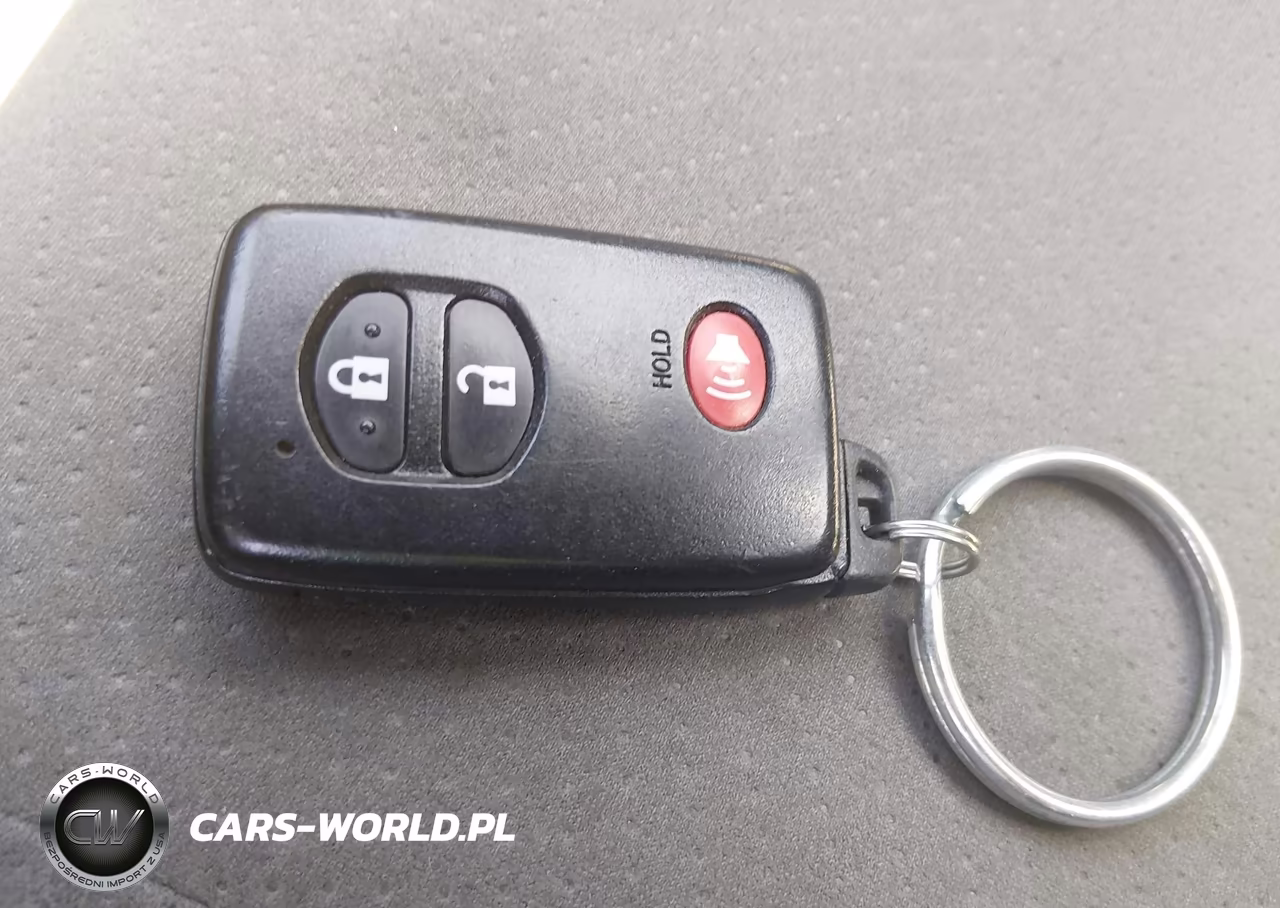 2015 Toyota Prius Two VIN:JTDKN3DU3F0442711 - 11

* * *

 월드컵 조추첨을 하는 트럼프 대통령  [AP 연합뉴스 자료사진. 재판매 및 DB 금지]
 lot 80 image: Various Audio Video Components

Task prompt: Your answer must consist solely of the lines above between the line holding "월드컵 조추첨을 하는" and the line holding "lot 80 image: Various Audio Video Components", inclusive, copied exactly.

Result for this exercise:
 월드컵 조추첨을 하는 트럼프 대통령  [AP 연합뉴스 자료사진. 재판매 및 DB 금지]
 lot 80 image: Various Audio Video Components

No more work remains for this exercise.